Work item: Up to and including the line that contains "A 19th century gilt metal mantel clock", repeat the entries below exactly from the first line on. Do not carry over any pictures.

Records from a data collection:

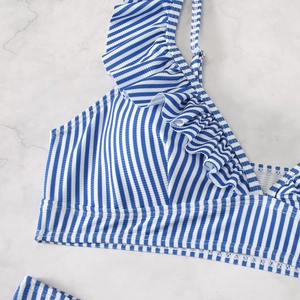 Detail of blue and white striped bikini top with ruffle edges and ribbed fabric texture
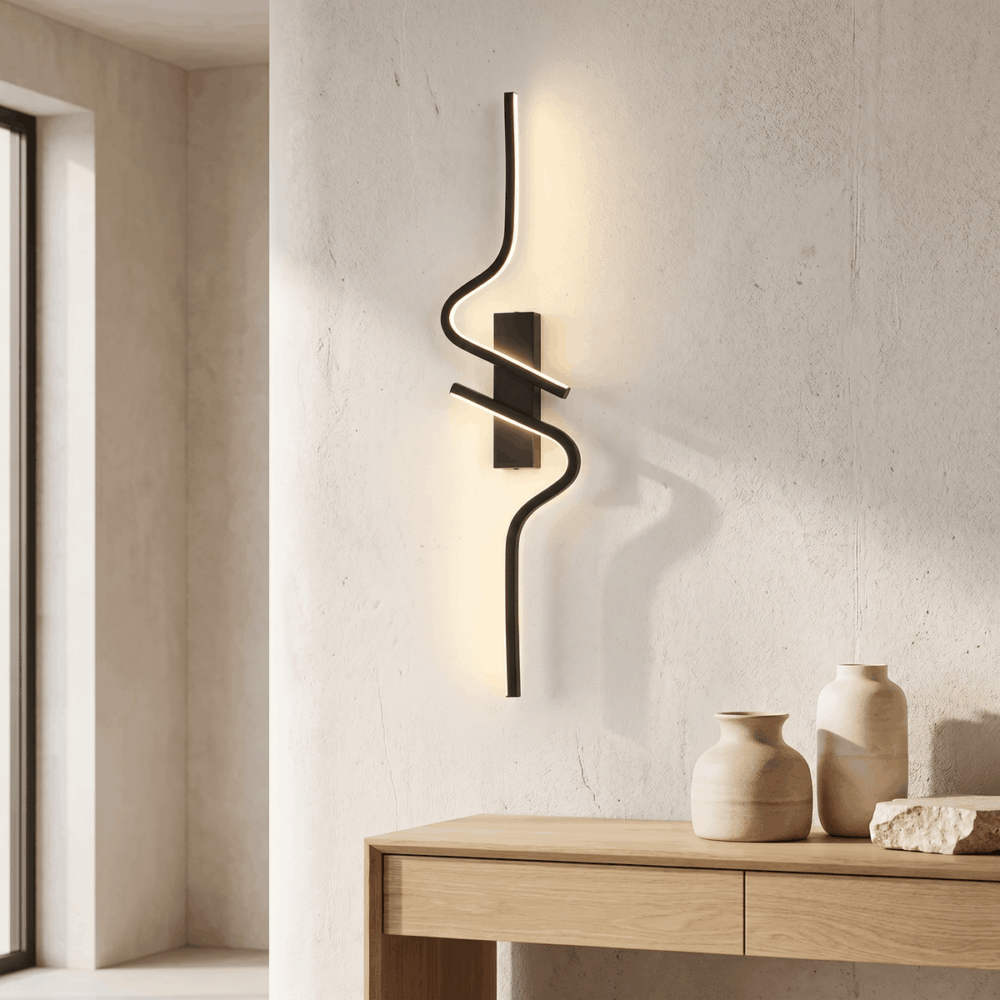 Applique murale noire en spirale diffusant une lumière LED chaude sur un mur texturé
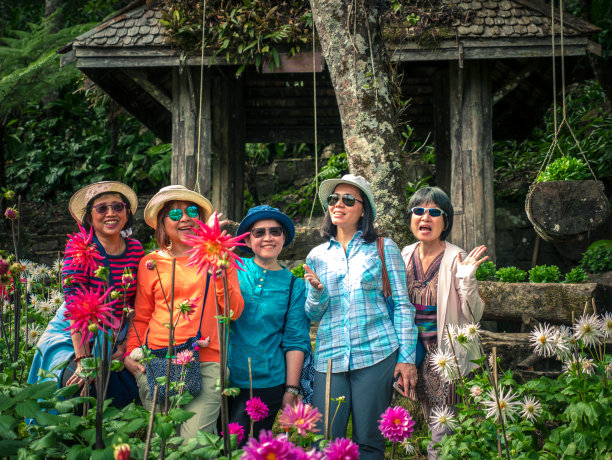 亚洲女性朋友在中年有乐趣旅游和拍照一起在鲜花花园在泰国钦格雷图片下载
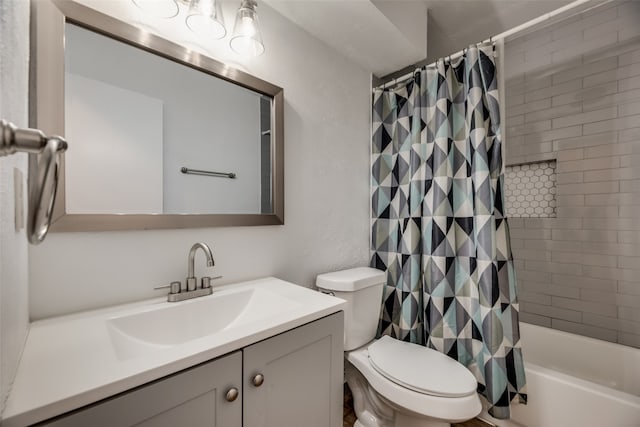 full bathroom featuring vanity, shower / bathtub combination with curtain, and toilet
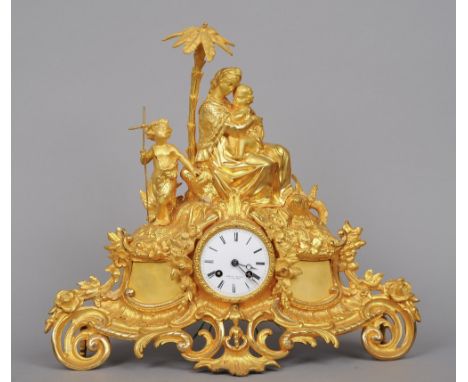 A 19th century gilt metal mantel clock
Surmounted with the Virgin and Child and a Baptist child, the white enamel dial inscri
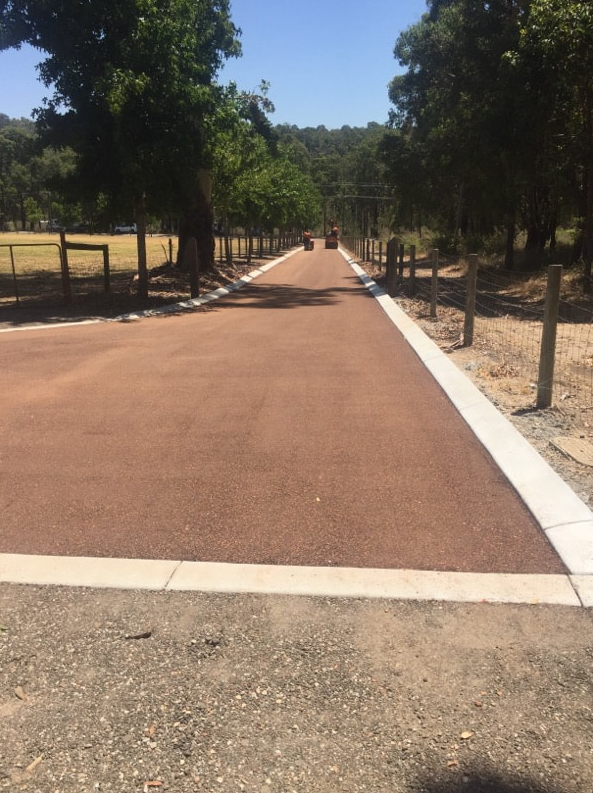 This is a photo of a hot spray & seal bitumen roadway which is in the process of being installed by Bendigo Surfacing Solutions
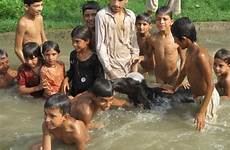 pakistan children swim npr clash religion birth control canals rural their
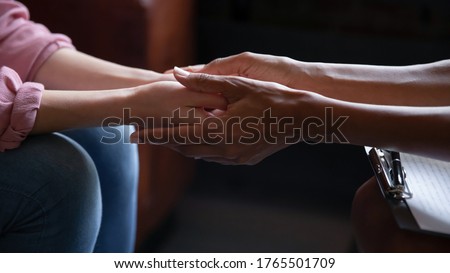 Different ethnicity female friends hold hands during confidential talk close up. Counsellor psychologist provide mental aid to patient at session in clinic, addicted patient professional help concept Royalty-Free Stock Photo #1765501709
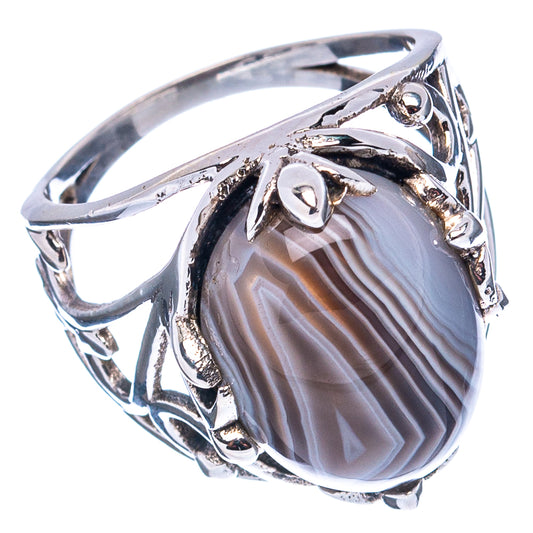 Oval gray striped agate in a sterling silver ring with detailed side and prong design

Written response:
 Detail of blue and white striped bikini top with ruffle edges and ribbed fabric texture
 Applique murale noire en spirale diffusant une lumière LED chaude sur un mur texturé
 亚洲女性朋友在中年有乐趣旅游和拍照一起在鲜花花园在泰国钦格雷图片下载
 full bathroom featuring vanity, shower / bathtub combination with curtain, and toilet
 A 19th century gilt metal mantel clock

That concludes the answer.